[Opening EXCERPTED DATA section]

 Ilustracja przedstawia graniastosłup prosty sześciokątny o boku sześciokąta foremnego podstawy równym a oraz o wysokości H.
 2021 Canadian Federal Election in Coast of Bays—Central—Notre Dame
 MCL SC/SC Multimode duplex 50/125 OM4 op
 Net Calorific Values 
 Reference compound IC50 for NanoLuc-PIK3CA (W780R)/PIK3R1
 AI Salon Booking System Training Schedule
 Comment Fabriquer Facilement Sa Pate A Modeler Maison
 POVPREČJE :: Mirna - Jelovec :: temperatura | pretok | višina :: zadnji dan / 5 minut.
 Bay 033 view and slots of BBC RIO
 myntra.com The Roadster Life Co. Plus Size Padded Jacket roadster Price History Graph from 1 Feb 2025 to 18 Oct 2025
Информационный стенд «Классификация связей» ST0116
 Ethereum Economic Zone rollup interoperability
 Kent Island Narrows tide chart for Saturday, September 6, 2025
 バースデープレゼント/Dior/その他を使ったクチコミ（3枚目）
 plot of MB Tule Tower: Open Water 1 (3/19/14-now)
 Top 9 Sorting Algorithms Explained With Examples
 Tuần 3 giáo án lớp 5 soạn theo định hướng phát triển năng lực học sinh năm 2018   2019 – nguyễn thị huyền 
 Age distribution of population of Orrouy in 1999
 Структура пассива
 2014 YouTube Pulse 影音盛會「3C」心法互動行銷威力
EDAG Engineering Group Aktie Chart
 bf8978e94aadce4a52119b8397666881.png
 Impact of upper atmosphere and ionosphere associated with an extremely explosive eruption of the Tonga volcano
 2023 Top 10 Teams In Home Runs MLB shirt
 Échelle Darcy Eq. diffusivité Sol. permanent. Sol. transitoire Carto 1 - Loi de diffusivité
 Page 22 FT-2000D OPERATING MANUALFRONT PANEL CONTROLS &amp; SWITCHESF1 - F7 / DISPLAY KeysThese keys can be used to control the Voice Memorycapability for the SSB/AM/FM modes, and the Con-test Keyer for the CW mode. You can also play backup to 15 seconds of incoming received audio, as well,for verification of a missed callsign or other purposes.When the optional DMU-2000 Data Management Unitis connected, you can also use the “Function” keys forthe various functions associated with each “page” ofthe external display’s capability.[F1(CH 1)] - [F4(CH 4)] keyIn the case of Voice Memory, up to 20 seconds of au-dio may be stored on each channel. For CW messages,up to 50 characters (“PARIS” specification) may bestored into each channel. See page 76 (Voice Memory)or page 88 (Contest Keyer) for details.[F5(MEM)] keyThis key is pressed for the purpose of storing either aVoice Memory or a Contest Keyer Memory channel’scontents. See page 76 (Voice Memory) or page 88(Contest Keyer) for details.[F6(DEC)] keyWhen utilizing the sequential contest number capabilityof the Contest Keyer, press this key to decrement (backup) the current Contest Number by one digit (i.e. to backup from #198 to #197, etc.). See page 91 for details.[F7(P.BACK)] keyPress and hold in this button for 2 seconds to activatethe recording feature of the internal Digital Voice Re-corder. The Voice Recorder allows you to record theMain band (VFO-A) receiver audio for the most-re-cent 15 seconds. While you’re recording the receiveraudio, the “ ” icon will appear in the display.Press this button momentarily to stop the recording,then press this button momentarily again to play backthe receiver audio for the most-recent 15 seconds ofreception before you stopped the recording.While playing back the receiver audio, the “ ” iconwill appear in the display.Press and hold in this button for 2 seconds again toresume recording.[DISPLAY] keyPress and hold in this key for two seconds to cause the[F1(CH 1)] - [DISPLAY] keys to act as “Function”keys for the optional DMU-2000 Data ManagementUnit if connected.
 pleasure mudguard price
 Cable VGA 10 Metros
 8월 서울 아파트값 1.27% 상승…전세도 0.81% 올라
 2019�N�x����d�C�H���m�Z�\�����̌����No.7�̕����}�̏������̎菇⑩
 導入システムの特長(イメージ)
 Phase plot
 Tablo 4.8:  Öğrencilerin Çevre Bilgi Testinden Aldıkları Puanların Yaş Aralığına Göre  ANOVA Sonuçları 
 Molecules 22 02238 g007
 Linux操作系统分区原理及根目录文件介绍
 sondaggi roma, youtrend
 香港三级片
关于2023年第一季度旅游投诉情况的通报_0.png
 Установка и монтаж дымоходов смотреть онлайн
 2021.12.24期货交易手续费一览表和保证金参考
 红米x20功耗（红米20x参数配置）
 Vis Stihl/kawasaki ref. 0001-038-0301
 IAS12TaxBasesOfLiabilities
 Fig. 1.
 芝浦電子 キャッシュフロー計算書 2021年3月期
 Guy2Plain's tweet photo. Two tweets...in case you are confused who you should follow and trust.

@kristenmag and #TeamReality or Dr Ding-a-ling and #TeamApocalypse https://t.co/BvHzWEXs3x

[Closing EXCERPTED DATA section]

# DIRECTIONS
Restate the material word for word, keeping every line intact.

# EXERCISE SOLUTION
 Ilustracja przedstawia graniastosłup prosty sześciokątny o boku sześciokąta foremnego podstawy równym a oraz o wysokości H.
 2021 Canadian Federal Election in Coast of Bays—Central—Notre Dame
 MCL SC/SC Multimode duplex 50/125 OM4 op
 Net Calorific Values 
 Reference compound IC50 for NanoLuc-PIK3CA (W780R)/PIK3R1
 AI Salon Booking System Training Schedule
 Comment Fabriquer Facilement Sa Pate A Modeler Maison
 POVPREČJE :: Mirna - Jelovec :: temperatura | pretok | višina :: zadnji dan / 5 minut.
 Bay 033 view and slots of BBC RIO
 myntra.com The Roadster Life Co. Plus Size Padded Jacket roadster Price History Graph from 1 Feb 2025 to 18 Oct 2025
Информационный стенд «Классификация связей» ST0116
 Ethereum Economic Zone rollup interoperability
 Kent Island Narrows tide chart for Saturday, September 6, 2025
 バースデープレゼント/Dior/その他を使ったクチコミ（3枚目）
 plot of MB Tule Tower: Open Water 1 (3/19/14-now)
 Top 9 Sorting Algorithms Explained With Examples
 Tuần 3 giáo án lớp 5 soạn theo định hướng phát triển năng lực học sinh năm 2018   2019 – nguyễn thị huyền 
 Age distribution of population of Orrouy in 1999
 Структура пассива
 2014 YouTube Pulse 影音盛會「3C」心法互動行銷威力
EDAG Engineering Group Aktie Chart
 bf8978e94aadce4a52119b8397666881.png
 Impact of upper atmosphere and ionosphere associated with an extremely explosive eruption of the Tonga volcano
 2023 Top 10 Teams In Home Runs MLB shirt
 Échelle Darcy Eq. diffusivité Sol. permanent. Sol. transitoire Carto 1 - Loi de diffusivité
 Page 22 FT-2000D OPERATING MANUALFRONT PANEL CONTROLS &amp; SWITCHESF1 - F7 / DISPLAY KeysThese keys can be used to control the Voice Memorycapability for the SSB/AM/FM modes, and the Con-test Keyer for the CW mode. You can also play backup to 15 seconds of incoming received audio, as well,for verification of a missed callsign or other purposes.When the optional DMU-2000 Data Management Unitis connected, you can also use the “Function” keys forthe various functions associated with each “page” ofthe external display’s capability.[F1(CH 1)] - [F4(CH 4)] keyIn the case of Voice Memory, up to 20 seconds of au-dio may be stored on each channel. For CW messages,up to 50 characters (“PARIS” specification) may bestored into each channel. See page 76 (Voice Memory)or page 88 (Contest Keyer) for details.[F5(MEM)] keyThis key is pressed for the purpose of storing either aVoice Memory or a Contest Keyer Memory channel’scontents. See page 76 (Voice Memory) or page 88(Contest Keyer) for details.[F6(DEC)] keyWhen utilizing the sequential contest number capabilityof the Contest Keyer, press this key to decrement (backup) the current Contest Number by one digit (i.e. to backup from #198 to #197, etc.). See page 91 for details.[F7(P.BACK)] keyPress and hold in this button for 2 seconds to activatethe recording feature of the internal Digital Voice Re-corder. The Voice Recorder allows you to record theMain band (VFO-A) receiver audio for the most-re-cent 15 seconds. While you’re recording the receiveraudio, the “ ” icon will appear in the display.Press this button momentarily to stop the recording,then press this button momentarily again to play backthe receiver audio for the most-recent 15 seconds ofreception before you stopped the recording.While playing back the receiver audio, the “ ” iconwill appear in the display.Press and hold in this button for 2 seconds again toresume recording.[DISPLAY] keyPress and hold in this key for two seconds to cause the[F1(CH 1)] - [DISPLAY] keys to act as “Function”keys for the optional DMU-2000 Data ManagementUnit if connected.
 pleasure mudguard price
 Cable VGA 10 Metros
 8월 서울 아파트값 1.27% 상승…전세도 0.81% 올라
 2019�N�x����d�C�H���m�Z�\�����̌����No.7�̕����}�̏������̎菇⑩
 導入システムの特長(イメージ)
 Phase plot
 Tablo 4.8:  Öğrencilerin Çevre Bilgi Testinden Aldıkları Puanların Yaş Aralığına Göre  ANOVA Sonuçları 
 Molecules 22 02238 g007
 Linux操作系统分区原理及根目录文件介绍
 sondaggi roma, youtrend
 香港三级片
关于2023年第一季度旅游投诉情况的通报_0.png
 Установка и монтаж дымоходов смотреть онлайн
 2021.12.24期货交易手续费一览表和保证金参考
 红米x20功耗（红米20x参数配置）
 Vis Stihl/kawasaki ref. 0001-038-0301
 IAS12TaxBasesOfLiabilities
 Fig. 1.
 芝浦電子 キャッシュフロー計算書 2021年3月期
 Guy2Plain's tweet photo. Two tweets...in case you are confused who you should follow and trust.

@kristenmag and #TeamReality or Dr Ding-a-ling and #TeamApocalypse https://t.co/BvHzWEXs3x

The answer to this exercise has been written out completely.